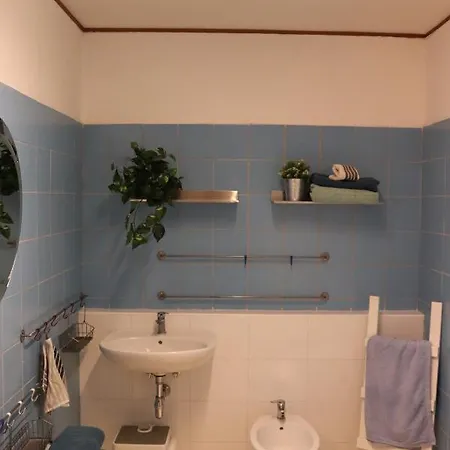 Central アパート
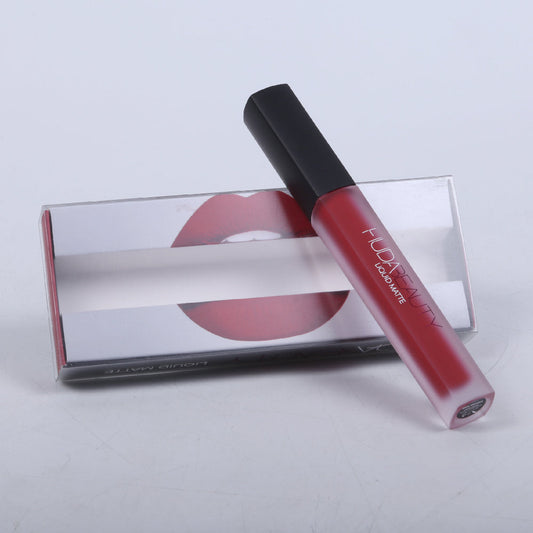 HUDA BEAUTY LIQUID LIPSTICK MISS AMERICA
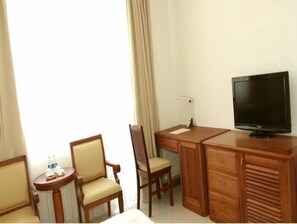 Minibar, caja de seguridad en la habitación y escritorio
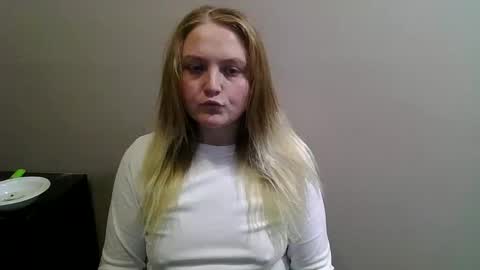 Snapshot of phatassblond chatting on December 14, 2024, 11:45 pm PhatAssBlond online show from December 14, 2024, 11:45 pm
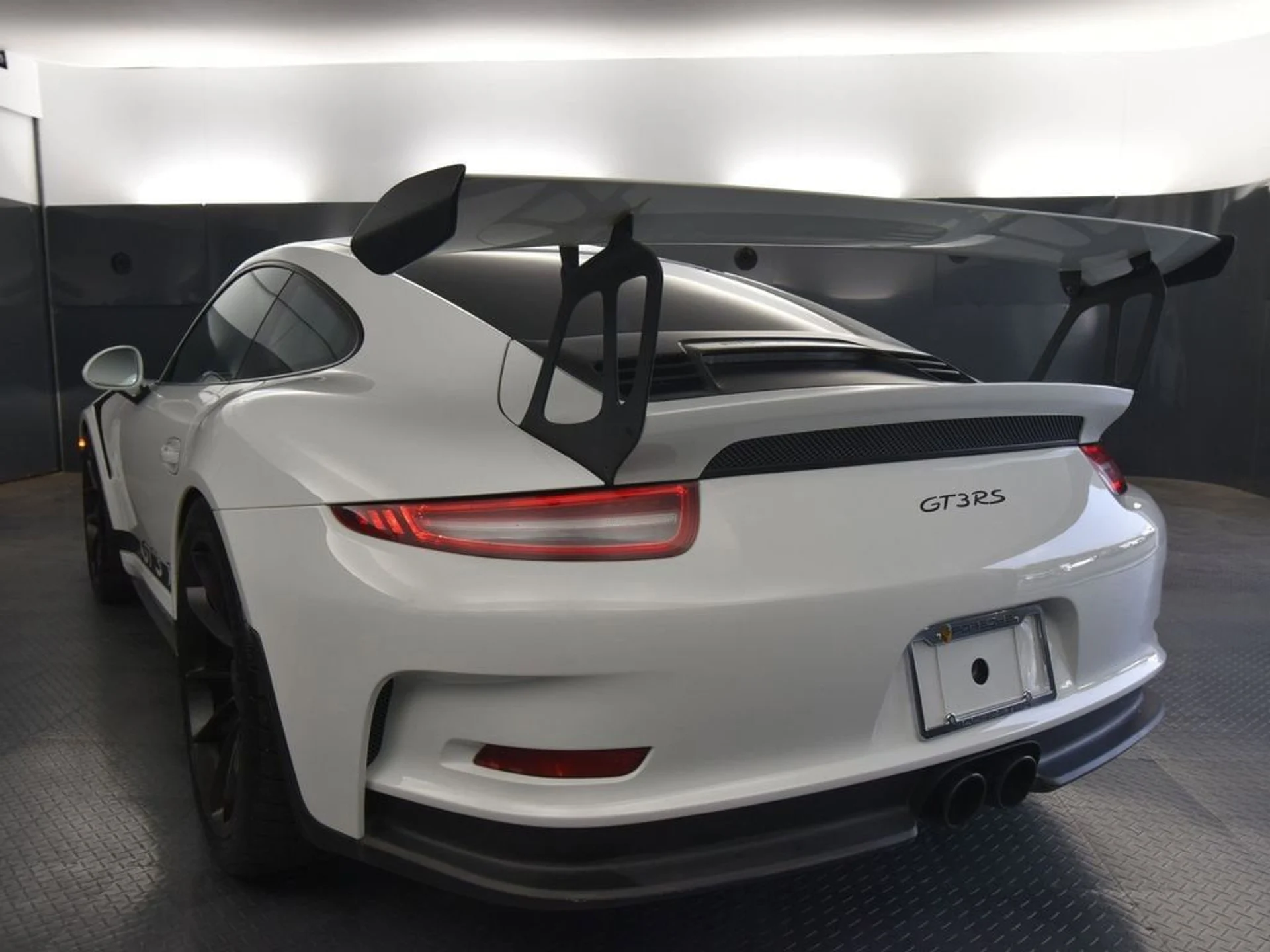 mph045_2450508041_b69ded41ae1f2c19a58433ed45704638x_b05be6e779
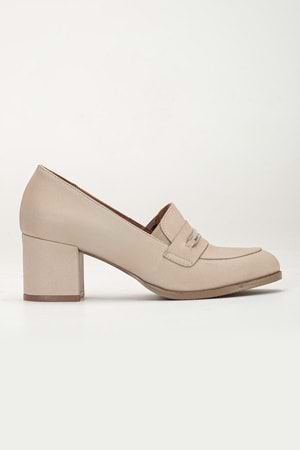 Kadın Hakiki Deri Tokalı Şık Topuklu Ayakkabı - Bej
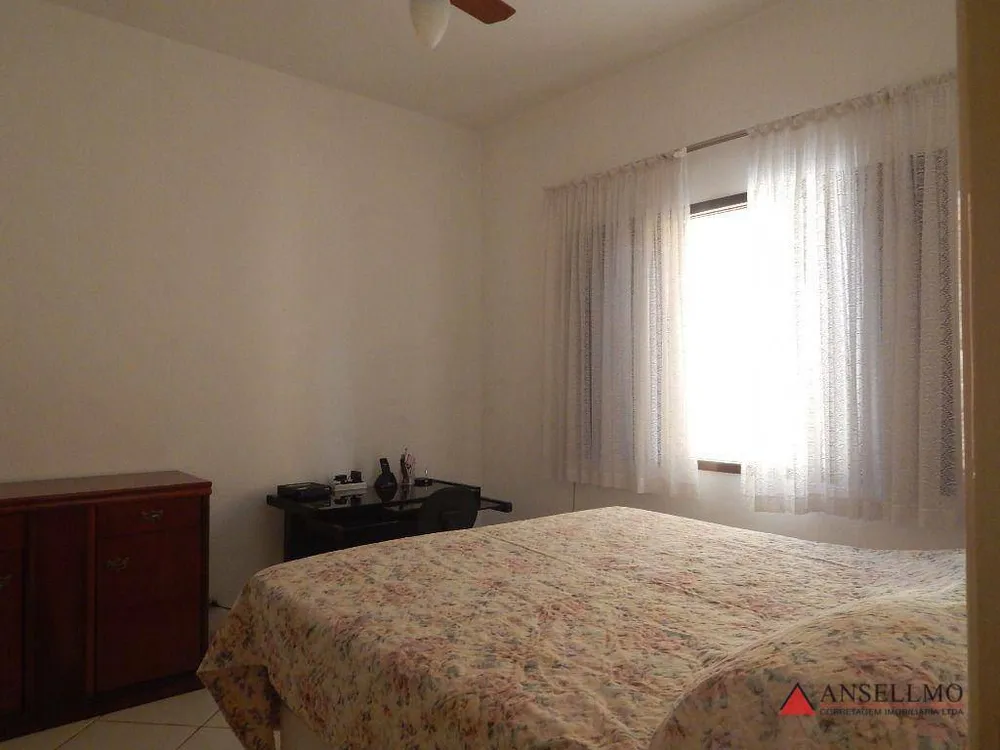 Casa, 4 quartos, 352 m² - Foto 9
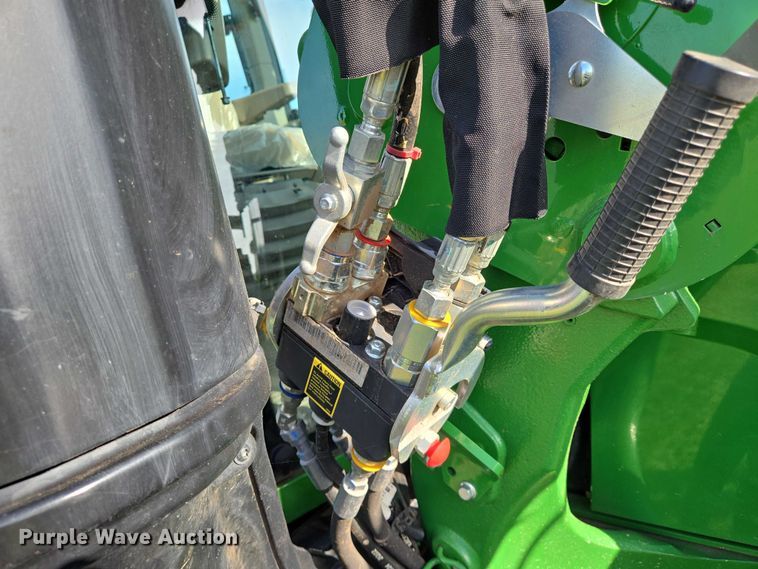 image for item EN8313 2022 John Deere 6120M MFWD tractor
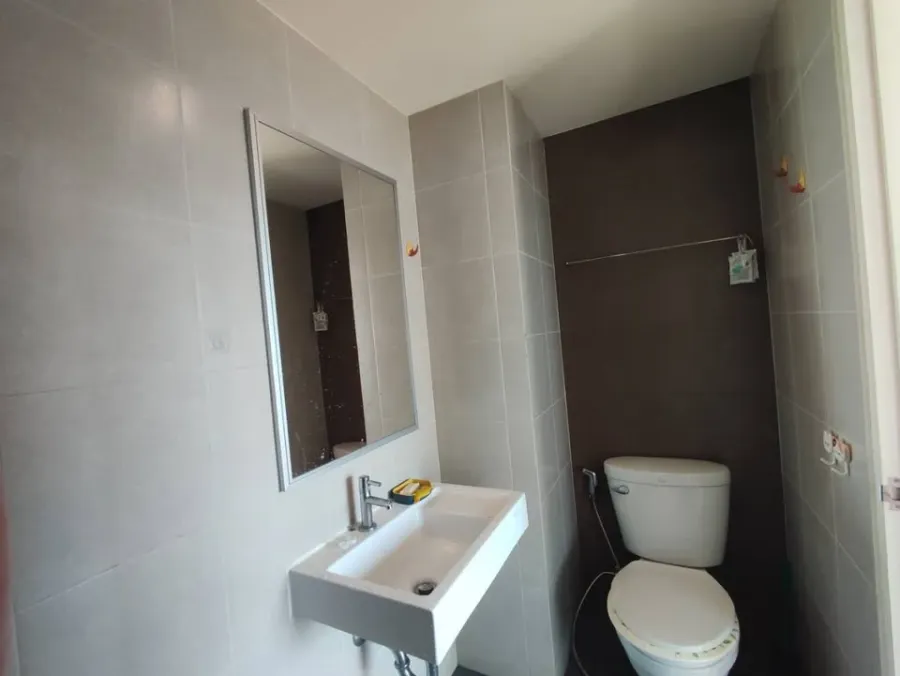 For sale Lumpini Park Phetkasem 98, Building D, 19th floor, fully furnished, ready to move in, city view, great atmosphere, if you don't reserve, you'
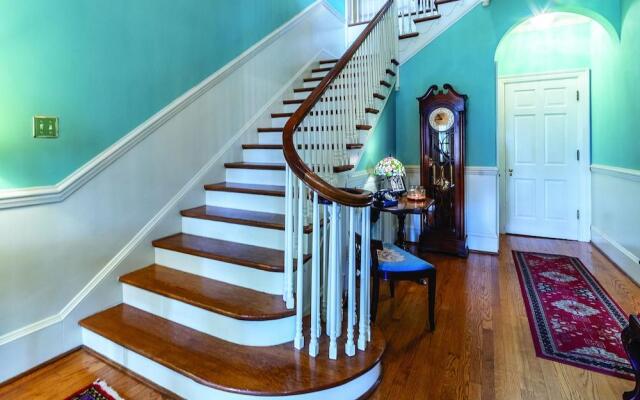 Hillcrest Mansion Inn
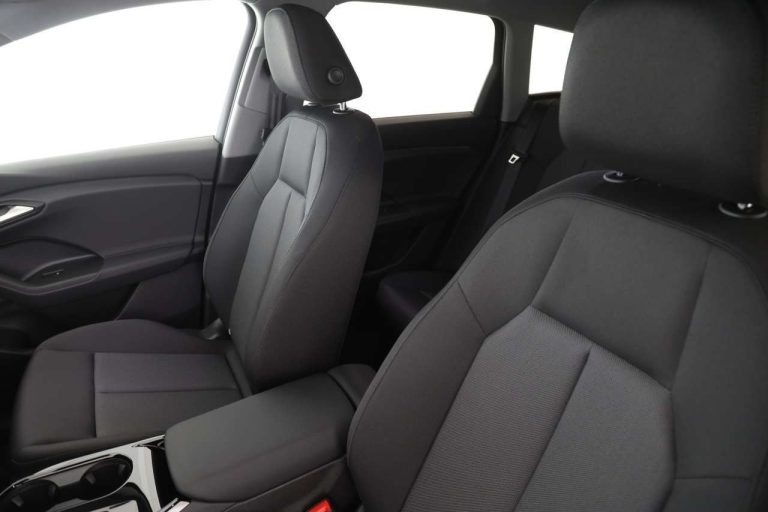 Audi Q6 e-tron 252 ch - photo 9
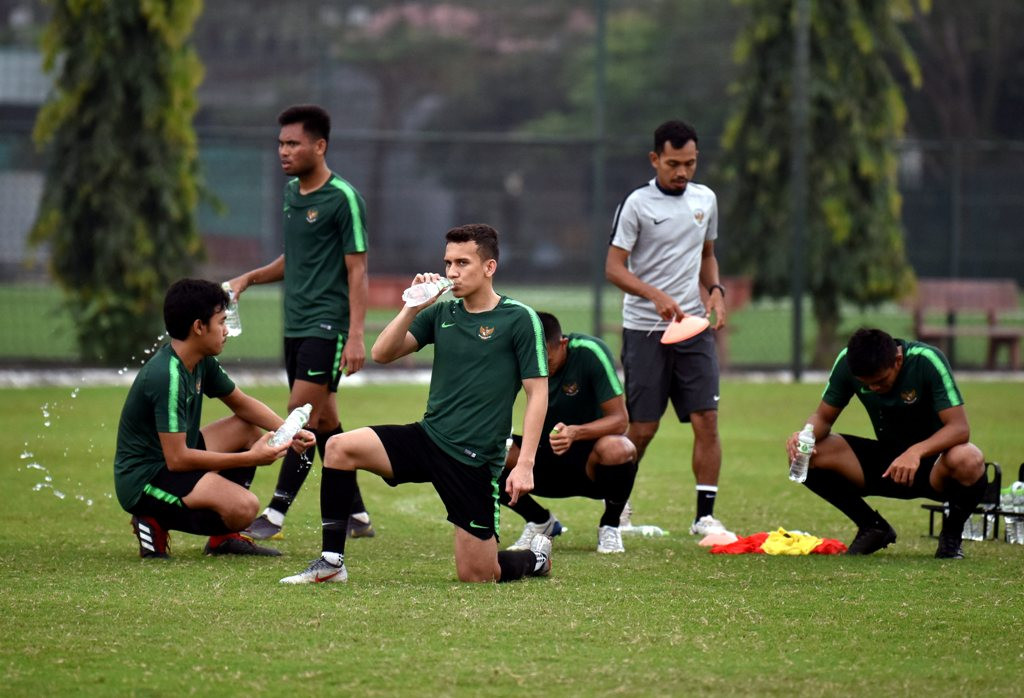 Pemain tim nasional U-23 Indonesia beristirahat sejenak dalam sesi latihan di lapangan Vietnam Footbal Federation (WFF). (aANTARA FOTO/R. Rekotomo)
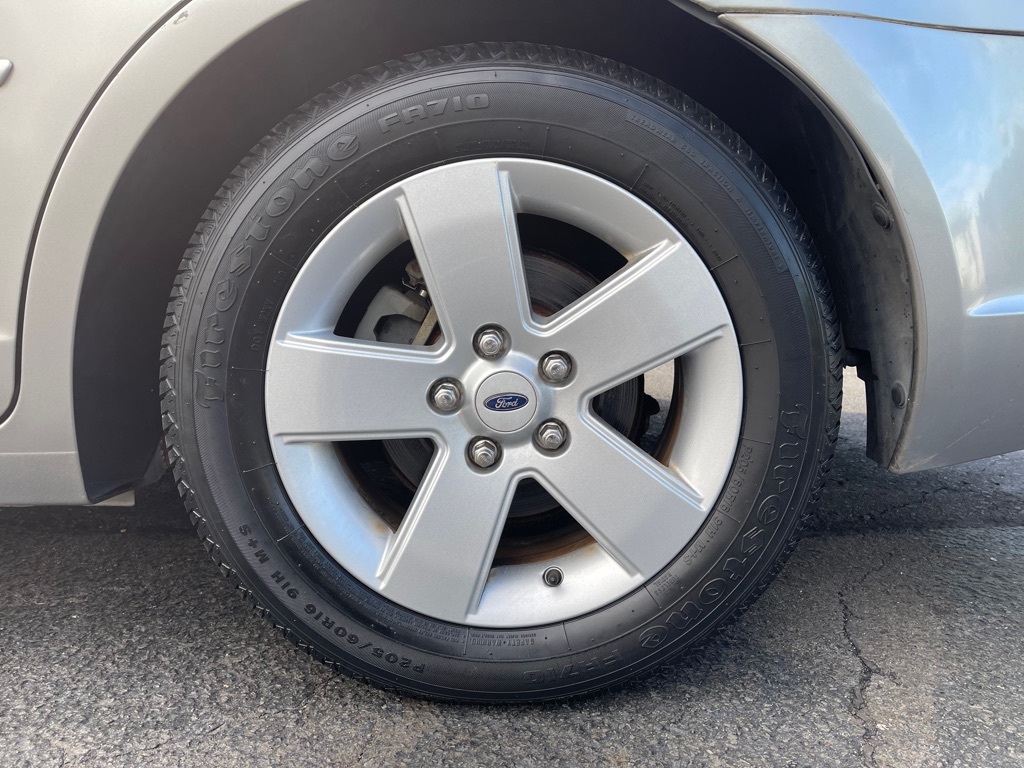 Photo 10 of this FORD FUSION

◇ ◇ ◇ ◇ ◇

» EXERCISE DESCRIPTION: With pictures excluded, output the listing above exactly as it stands.

» ANSWER SECTION:
 Central アパート
 HUDA BEAUTY LIQUID LIPSTICK MISS AMERICA
 Minibar, caja de seguridad en la habitación y escritorio
 Snapshot of phatassblond chatting on December 14, 2024, 11:45 pm PhatAssBlond online show from December 14, 2024, 11:45 pm
 mph045_2450508041_b69ded41ae1f2c19a58433ed45704638x_b05be6e779
 Kadın Hakiki Deri Tokalı Şık Topuklu Ayakkabı - Bej
 Casa, 4 quartos, 352 m² - Foto 9
 image for item EN8313 2022 John Deere 6120M MFWD tractor
 For sale Lumpini Park Phetkasem 98, Building D, 19th floor, fully furnished, ready to move in, city view, great atmosphere, if you don't reserve, you'
 Hillcrest Mansion Inn
 Audi Q6 e-tron 252 ch - photo 9
 Pemain tim nasional U-23 Indonesia beristirahat sejenak dalam sesi latihan di lapangan Vietnam Footbal Federation (WFF). (aANTARA FOTO/R. Rekotomo)
 Photo 10 of this FORD FUSION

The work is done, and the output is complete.